At age 59.5 the 10% early withdrawal goes away on all IRAa.

A Roth IRA is qualified for tax free distributions when the owner is age 59.5 years old AND they have owned any Roth IRA for 5 years. The 5 year clock starts on January 1 of the tax year when the first contribution was made to your Roth IRA… That contribution can be made as late as April 15 of the following calendar year.

Moving your Roth 401k money into your Roth IRA, the money takes on the age of the IRA.

Converting tax deferred money from a Traditional IRA to a Roth IRA, each conversion has its own 5 year clock that must be met before any gains from that conversion can be distributed tax free.

  • You pay tax on the tax deferred money at conversion.
  • The penalty is waived because of the age 59.5 rule.
  • All that is left is gains earned by the converted money that could be taxed if distributed within 5 years of the conversion.

Money is distributed from a Roth IRA in an ordered sequence:

  • First to be distributed is contribution amounts.
  • Second to be distributed is conversion amounts.
  • Last to be distributed is gains.

Form 5498 is used to report money moving into an iRA.
Form 1099R is used to report distributions from an IRA.


I assume if your rolling over monies from a Roth 401K into an existing 5 year old Roth IRA all monies are distributable immediately after the conversion (not saying this should be your first action ).
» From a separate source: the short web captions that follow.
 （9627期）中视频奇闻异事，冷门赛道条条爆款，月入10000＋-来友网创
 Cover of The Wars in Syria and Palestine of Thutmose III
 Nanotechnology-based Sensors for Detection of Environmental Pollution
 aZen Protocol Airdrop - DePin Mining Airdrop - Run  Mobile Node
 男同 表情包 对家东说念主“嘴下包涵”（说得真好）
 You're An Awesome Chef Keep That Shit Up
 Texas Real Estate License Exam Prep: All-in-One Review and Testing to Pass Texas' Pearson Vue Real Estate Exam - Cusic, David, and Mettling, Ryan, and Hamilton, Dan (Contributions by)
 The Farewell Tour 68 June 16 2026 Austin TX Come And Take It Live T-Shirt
I am guessing also the monies from the Roth 401K would need to have been existing for 5 years?

With this in mind anyone who has an employer matching Roth 401K should open an account at least 5 years before retirement. I always thought this would be a great Christmas gift for someone (opening an account for them), although nothing to play with until they are older :upside_down_face:

If I am wrong please correct, and thank you!

Well said. I couldn’t remember the exact order but a Fidelity rep told me the same thing about 10 years ago. So the 10% penalty only applies to 59 1/2?
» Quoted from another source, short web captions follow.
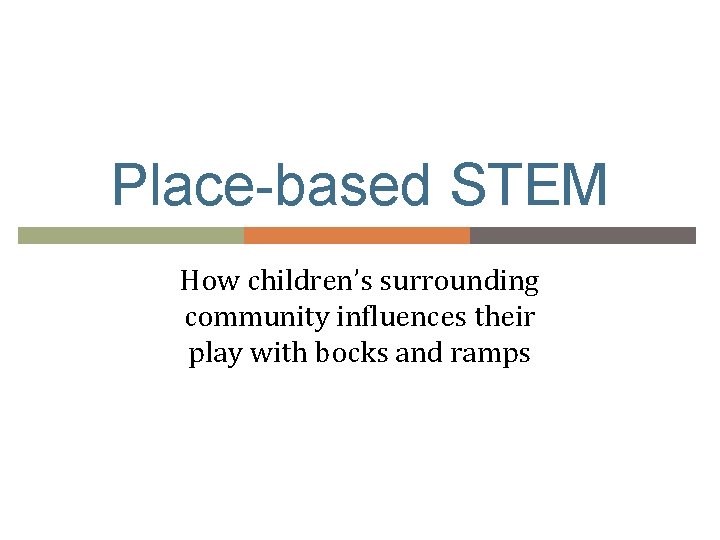 Place-based STEM How children’s surrounding community influences their play with bocks and ramps 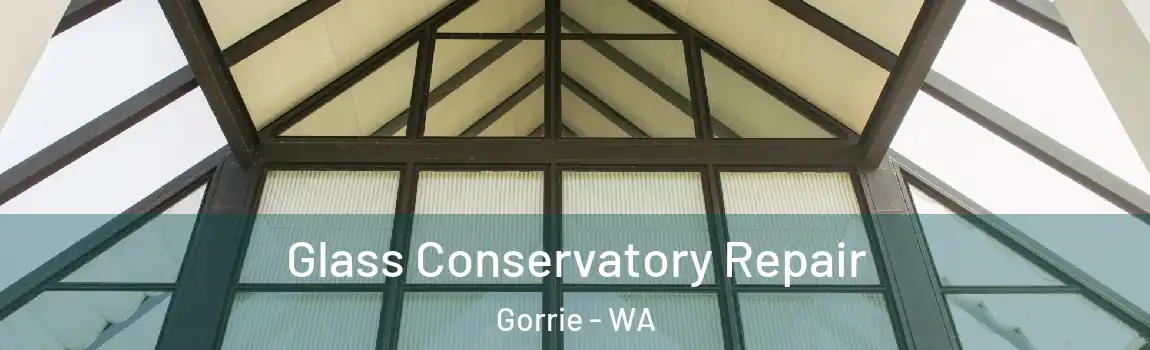 Glass Conservatory Repair Gorrie - WA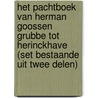 Het pachtboek van Herman Goossen Grubbe tot Herinckhave (set bestaande uit twee delen) door F.H. Grobbe
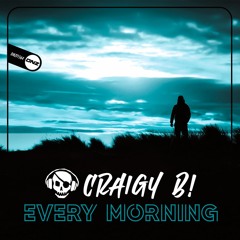 Craigy B! - Every Morning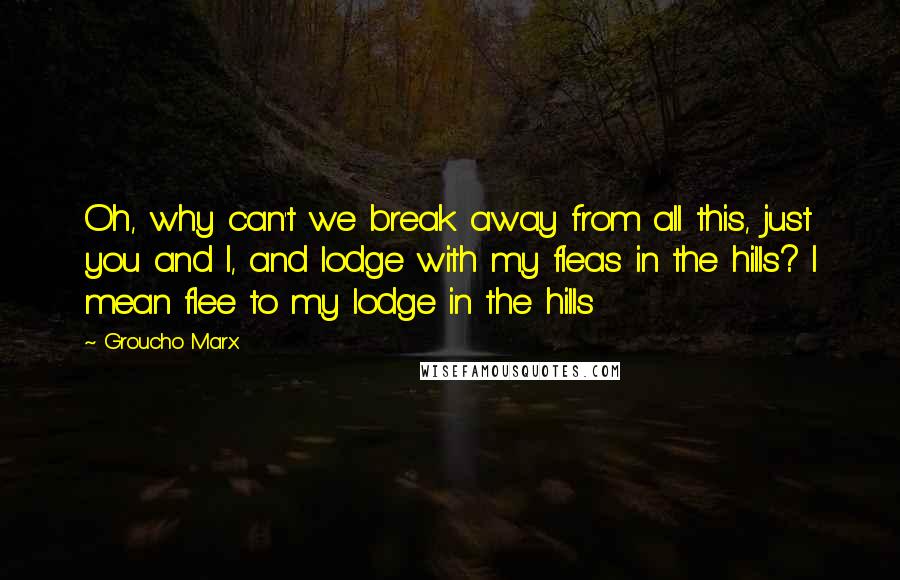 Groucho Marx Quotes: Oh, why can't we break away from all this, just you and I, and lodge with my fleas in the hills? I mean flee to my lodge in the hills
If you contribute / convert at age 58 and withdraw at 62, you’re subject only to ordinary income taxes and not the 10% penalty or am I mistaken?

“So the 10% penalty only applies to 59 1/2?”
As soon as the IRA owner is age 59-1/2 the 10% Early Distribution Penalty does not apply.
Note there are several exceptions to the 10% early distribution penalty that can be exercised before reaching age 59-1/2.

“*If you contribute / convert at age 58 and withdraw at 62, you’re subject only to ordinary income taxes and not the 10% penalty or am I mistaken?”

Contributions and Conversions to a Roth IRA are taxed at the time of contribution or conversion. Withdrawals of conversions within the conversion 5 year window may have to pay tax on any gains earned by the conversion amount. Each conversion has it’s own 5 year window.